Furthermore, our cells take input from other parts of the body as well as from the external world. These stimuli result in changes to gene expression and cause us to interact with the external world. Those interactions in turn are stimuli for other life forms, causing them to activate and deactivate genes in their own DNA.
Life is caught in an endless exchange of information, each cell humming along without the foggiest clue about how the other systems work. Viewed in this way, animal intelligence is more like a massively distributed system than a single neural network.

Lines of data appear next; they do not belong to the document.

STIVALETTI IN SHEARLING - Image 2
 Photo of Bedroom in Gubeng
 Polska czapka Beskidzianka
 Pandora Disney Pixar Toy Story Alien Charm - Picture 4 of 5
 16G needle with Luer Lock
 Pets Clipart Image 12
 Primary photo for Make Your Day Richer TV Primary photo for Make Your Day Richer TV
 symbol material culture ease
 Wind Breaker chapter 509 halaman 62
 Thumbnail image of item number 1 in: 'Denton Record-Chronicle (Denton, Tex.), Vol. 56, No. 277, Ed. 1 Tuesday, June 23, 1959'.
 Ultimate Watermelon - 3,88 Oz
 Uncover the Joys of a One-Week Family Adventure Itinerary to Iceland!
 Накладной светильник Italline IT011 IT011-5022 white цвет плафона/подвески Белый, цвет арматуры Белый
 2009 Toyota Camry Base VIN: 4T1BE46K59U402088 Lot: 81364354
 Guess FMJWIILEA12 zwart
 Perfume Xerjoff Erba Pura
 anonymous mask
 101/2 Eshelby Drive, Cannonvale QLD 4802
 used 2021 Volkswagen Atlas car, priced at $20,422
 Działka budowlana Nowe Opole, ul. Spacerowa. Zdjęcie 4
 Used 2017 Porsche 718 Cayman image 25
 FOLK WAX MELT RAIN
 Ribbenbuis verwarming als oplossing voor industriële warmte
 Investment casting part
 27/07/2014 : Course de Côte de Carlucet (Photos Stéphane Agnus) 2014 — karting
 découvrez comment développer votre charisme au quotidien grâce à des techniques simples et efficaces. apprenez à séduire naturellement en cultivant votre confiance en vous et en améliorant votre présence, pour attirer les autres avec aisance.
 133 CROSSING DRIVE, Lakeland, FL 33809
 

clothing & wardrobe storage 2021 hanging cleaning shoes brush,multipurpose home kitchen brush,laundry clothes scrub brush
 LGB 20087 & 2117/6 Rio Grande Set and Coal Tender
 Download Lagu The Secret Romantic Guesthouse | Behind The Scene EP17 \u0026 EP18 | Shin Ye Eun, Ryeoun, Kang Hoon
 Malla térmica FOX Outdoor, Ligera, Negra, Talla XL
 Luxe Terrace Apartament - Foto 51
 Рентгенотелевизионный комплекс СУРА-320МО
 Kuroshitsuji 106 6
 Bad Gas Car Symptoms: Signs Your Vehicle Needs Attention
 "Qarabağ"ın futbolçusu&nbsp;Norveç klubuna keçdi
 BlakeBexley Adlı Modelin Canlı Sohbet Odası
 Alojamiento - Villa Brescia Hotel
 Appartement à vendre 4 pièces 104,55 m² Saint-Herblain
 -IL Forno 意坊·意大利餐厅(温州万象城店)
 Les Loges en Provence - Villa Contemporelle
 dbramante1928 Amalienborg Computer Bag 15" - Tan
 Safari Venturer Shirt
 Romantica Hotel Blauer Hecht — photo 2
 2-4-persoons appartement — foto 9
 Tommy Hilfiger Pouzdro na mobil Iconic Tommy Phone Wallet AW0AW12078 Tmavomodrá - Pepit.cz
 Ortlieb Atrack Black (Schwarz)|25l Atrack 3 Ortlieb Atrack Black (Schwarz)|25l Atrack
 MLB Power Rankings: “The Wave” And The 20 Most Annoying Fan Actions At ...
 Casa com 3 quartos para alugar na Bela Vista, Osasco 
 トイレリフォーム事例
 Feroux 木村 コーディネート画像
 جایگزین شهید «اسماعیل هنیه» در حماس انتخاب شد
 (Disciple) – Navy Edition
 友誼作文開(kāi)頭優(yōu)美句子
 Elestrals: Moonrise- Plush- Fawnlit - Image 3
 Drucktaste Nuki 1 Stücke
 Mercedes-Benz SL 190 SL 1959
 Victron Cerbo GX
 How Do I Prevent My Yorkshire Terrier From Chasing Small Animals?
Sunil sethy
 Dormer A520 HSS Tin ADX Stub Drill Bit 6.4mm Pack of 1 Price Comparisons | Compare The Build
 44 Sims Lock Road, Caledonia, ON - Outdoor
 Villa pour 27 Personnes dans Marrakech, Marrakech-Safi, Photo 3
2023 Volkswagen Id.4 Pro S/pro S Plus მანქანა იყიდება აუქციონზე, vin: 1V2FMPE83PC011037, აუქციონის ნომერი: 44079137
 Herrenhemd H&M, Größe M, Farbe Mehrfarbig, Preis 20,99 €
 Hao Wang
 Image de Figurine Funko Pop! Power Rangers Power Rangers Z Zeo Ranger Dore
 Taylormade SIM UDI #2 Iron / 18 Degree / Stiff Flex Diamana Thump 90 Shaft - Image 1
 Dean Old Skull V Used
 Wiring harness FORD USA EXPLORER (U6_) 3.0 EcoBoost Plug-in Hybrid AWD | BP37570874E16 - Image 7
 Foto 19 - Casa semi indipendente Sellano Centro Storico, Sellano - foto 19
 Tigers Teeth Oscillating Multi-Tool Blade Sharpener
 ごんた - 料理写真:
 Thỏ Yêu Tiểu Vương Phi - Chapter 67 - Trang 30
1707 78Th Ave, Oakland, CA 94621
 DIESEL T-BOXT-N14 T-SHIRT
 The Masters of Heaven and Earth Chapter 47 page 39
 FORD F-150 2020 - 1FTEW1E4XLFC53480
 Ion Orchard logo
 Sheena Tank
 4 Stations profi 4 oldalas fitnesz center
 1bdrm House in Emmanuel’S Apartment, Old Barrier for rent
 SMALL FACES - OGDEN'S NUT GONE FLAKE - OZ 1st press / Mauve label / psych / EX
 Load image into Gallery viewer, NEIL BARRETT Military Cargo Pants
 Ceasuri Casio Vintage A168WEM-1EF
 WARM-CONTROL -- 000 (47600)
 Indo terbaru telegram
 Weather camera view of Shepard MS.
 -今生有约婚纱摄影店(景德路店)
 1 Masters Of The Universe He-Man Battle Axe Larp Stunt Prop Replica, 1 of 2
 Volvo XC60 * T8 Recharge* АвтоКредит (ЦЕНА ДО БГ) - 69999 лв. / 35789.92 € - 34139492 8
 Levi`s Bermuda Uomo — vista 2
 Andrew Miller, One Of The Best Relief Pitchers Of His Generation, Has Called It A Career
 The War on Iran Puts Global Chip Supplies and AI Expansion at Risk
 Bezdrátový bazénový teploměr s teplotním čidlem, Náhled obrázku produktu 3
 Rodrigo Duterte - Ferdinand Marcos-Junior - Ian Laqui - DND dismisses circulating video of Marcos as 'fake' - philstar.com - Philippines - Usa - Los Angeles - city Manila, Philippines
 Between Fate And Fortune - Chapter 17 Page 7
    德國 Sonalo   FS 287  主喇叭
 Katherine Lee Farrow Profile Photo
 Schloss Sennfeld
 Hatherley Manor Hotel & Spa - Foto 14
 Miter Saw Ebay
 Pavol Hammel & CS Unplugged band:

One thing that Behave has made clear to me is that the brain is far from an isolated system. The electrical signals created and processed by the brain are one small part of a much larger design. If we want to build a true “general artificial intelligence,” maybe computer scientists need to look beyond the function of neurons and into the depths of cellular chemical interactions.
AI has a long way to go before it reaches the level of complexity that “life” has achieved. Nevertheless, it’s quite fun to think about the escalating interactions of robots on the internet. Russian trollbots are being moderated by Twitter built AI’s. Automated spambots are being moderated by Google built AI’s. And some AI’s have been trained to communicate privately with each other using AI invented languages that humans do not understand.
Perhaps general intelligence in computers will arise the same way it did in animals — through the massive intermingling of an extraordinary number of individually simple systems. Only time will tell.